The forest is located in East Anórien about Eilenach Beacon (a small hill). This is between the realm of Gondor and Rohan. The host of the Rohirrim must pass through this place on their way to aid Gondor in the Battle of Pelennor Fields. En route, Ghân-buri-Ghân provides information about the location of the enemy, advice on the best route to take and martial assistance in the form of people willing to track and hunt the enemy in and along the borders of the Forest of Drúadan.

One of the main characters of the novel, Meriadoc Brandybuck, narrates his encounter with Ghân-buri-Ghân. First we are provided with the description of the wild men as told to Merry by another character, Elfhelm.
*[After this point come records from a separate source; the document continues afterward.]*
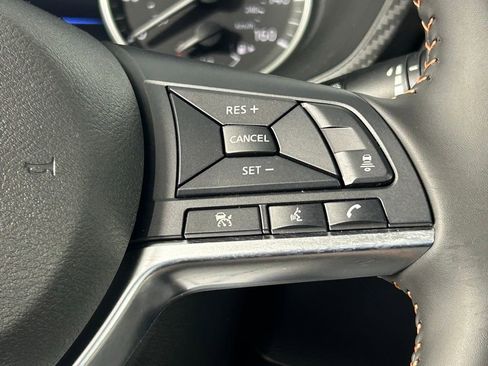 Used 2025 Nissan Sentra SR w/ Midnight Edition FWD image 24
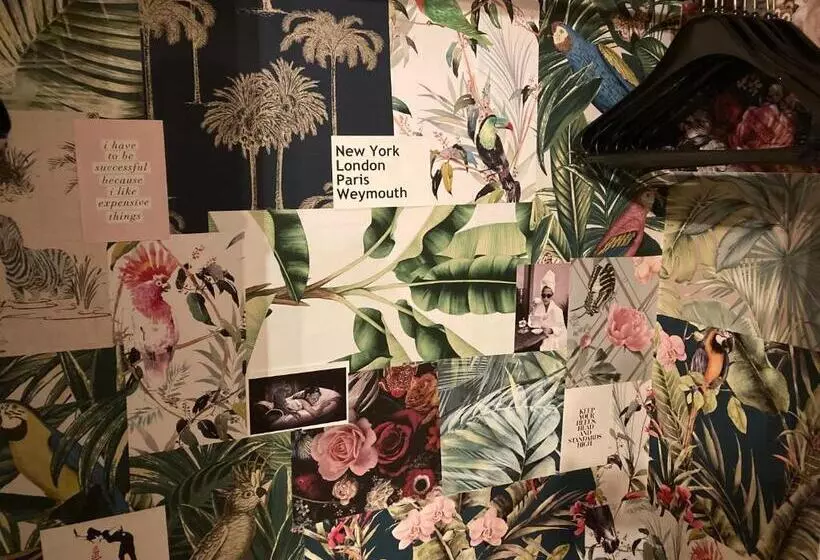 Majatalo Kelston Guest House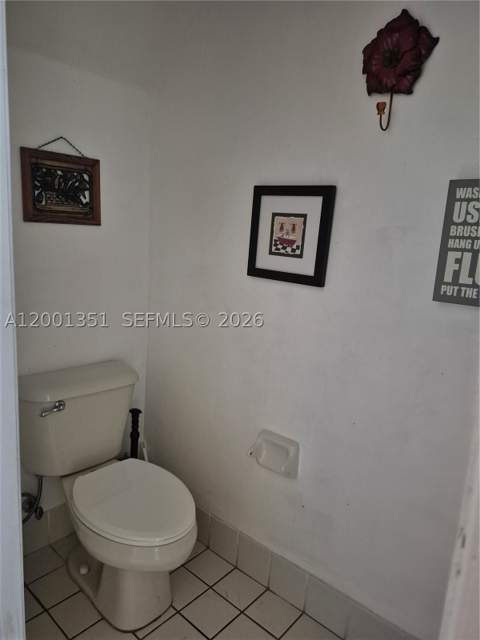 921 NE 42nd Pl, Homestead FL - photo 8 of 16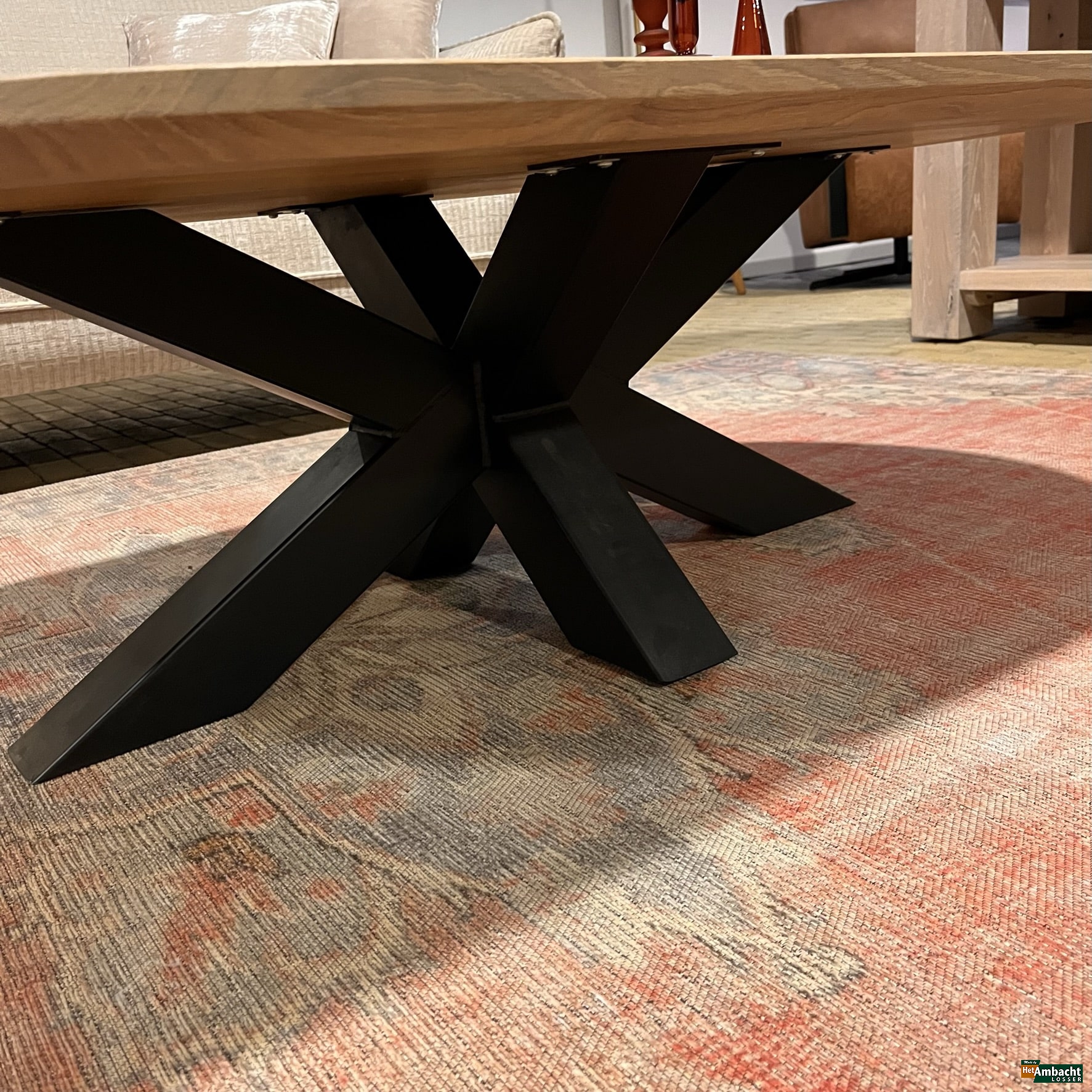 Ovale eiken salontafel Poot no.943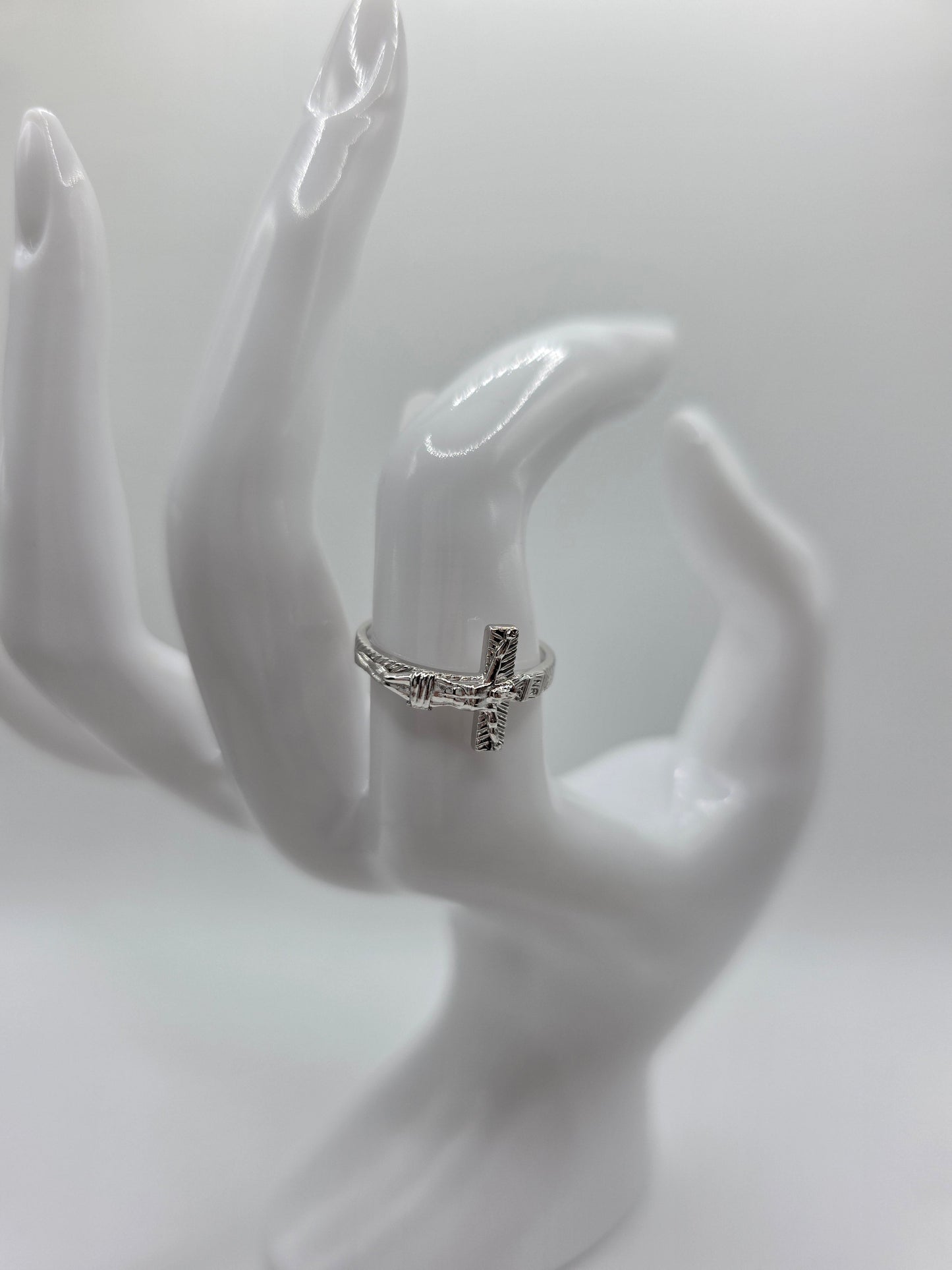 925 Sterling Silver Cross Jesus Christ 2.6mm Ring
They still haunt Drúadan Forest, it is said. Remnants of an older time they be, living few and secretly, wild and wary as the beasts. They go not to war with Gondor or the Mark; but now they are troubled by the darkness and the coming of the orcs; they fear lest the Dark Years be returning, as seems likely enough. Let us be thankful that they are not hunting us, for they use poisoned arrows, it is said, and they are woodcrafty beyond compare.

Merry goes on to describe the scene he sees:

There sat Théoden and Éomer, and before them on the ground sat a strange squat shape of a man, gnarled as an old stone, and the hairs of his scanty beard straggled on his lumpy chin like dry moss. He was short-legged and fat-armed. Thick and stumpy and clad only with grass around his waist.

He is reminded of ancient statues that he had seen at Dunharrow, called Pukel men. It is clear at this point that the wild men represent some time of Middle-Earth from well before the Third Age. I've not read much of the supplementary material that goes with the Lord of the Rings so I will speculate no further.

After the main action of the novel has taken place, Aragorn II Elessar, the newly crowned king of the Reunited Kingdom of Gondor and Arnor, declares that the Forest of Drúadan shall belong to the wild men and that they shall have dominion over it (this seems like a somewhat empty policy as it is quite clear that this is in fact the actual state of affairs, however the wild men seem quite happy with the pronouncement).

What interests me about this character is the depiction given by Tolkien. Clearly this group represents an anthropological curiosity in the make up of Middle-Earth. Their mode of speach is very simple, almost childlike. It seems to almost, but perhaps not quite, speak of a sense of cultural superiority on the part of Tolkien. These tribal individuals are not invested with the nobility of many of Tolkien's favorite characters. It seems in a way to mirror the social attitudes that I would expect may have existed in the English literati about native cultures at the time of writing of the novel (IMHO).

I like this character, mainly because he is so different. As a side note, Maori actor Wi Kuki Kaa was initially cast to play Ghân-buri-Ghân in Peter Jackson's film adaptation of ROTK, but for reasons unknown this segment of the story was completely cut from the final product (both theatrical and extended), and Mr Kaa doesn't appear at all in the credits, so his role was either filmed then cut, or cut from the script before filming and never shot.